Mr. Wiese echoed this on the money show last week.

This is consistent with the PWC report where the scope is basically “FIND WHAT YOU CAN and report back to us”. WHich again, is very conservative and appropriate. If this group wants to survive bondholders dont want ANY surprises anymore.

Undervalued. Extension coming on 20 July. This is retail. cost cutting is possible, getting product mixes right is not rocket science, literally.

We all read the reddit conspiracy theory on mattress firm, which was a god laugh and does tell us the extent of the company having way too many units. CLOSE DOWN UNPROFITABLE stores. NOT ROCKET SCIENCE.

Methinks, Naspers does not buy ”dubbel K, middel A”‘

Guys I’m sorry. The beauty of investing is that we can all chat and on this website and I love learning new things.

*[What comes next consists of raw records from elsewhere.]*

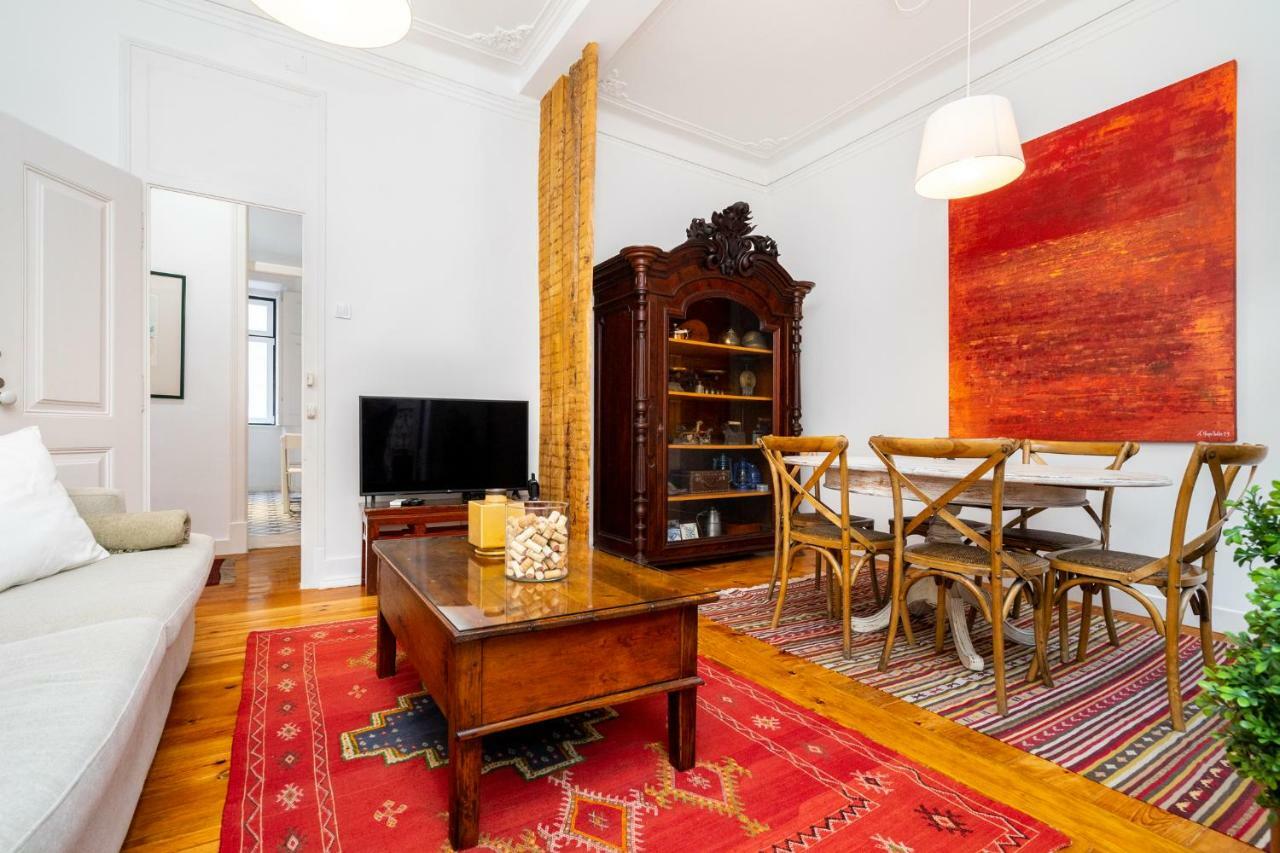 4 Bedroom Apartment On The City Center Lisbon Exterior photo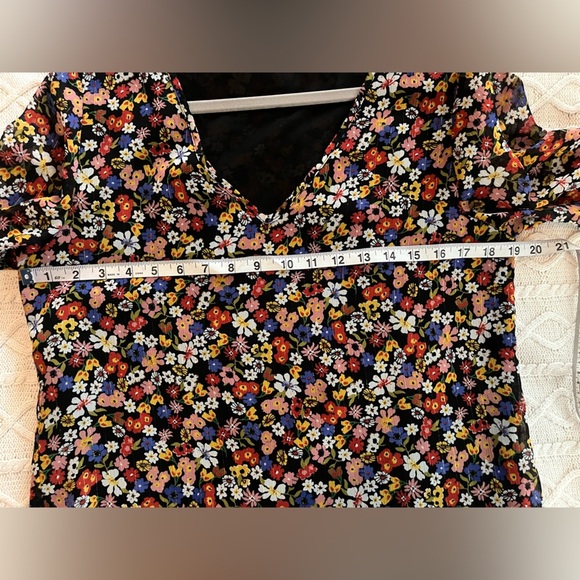 Violet + Claire Multicolor Floral V-Neck Blouse Women’s Size Medium - Picture 13 of 13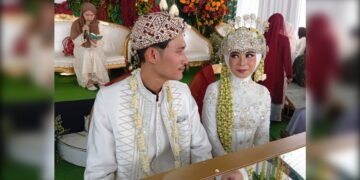 happy wedding_UtusanRakyat - Utusan Rakyat HAPPY WEDDING DENA PRANSISCA DAN RIZKY IBNU MUBAROK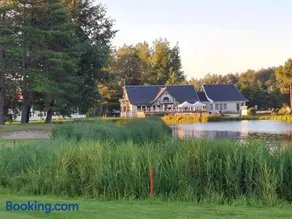 La Maison Rose - Image 1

While I am not shooting down the naspers connection, please make me understand how this benefits Naspers? They are essentially a tech company. WHy would they want brick and mortar?

There are amazing companies over the world, in retail, doing innovative things. I don’t see the synergies (hate that word) or any purpose for naspers who dont know anything about “offline” retail.

It won’t benefit Naspers and neither would Naspers be interested to buy troublesome rubbish.

In this case, I don’t believe only one guy is implicated but it is possible. Look at what’s happening in the world…it’s taken only one guy – Donald Trump – to create the global chaos and insecurity that we currently are witnessing! The same guy who, co incidentally has a reputation for gambling with other peoples money then walking away scot free and leaving creditors with the mess by going bankrupt. And living the highlife on the stolen money. Sound familiar? It only takes one guy….

Of course there had to be a gang running this. Or one crook and twenty fools.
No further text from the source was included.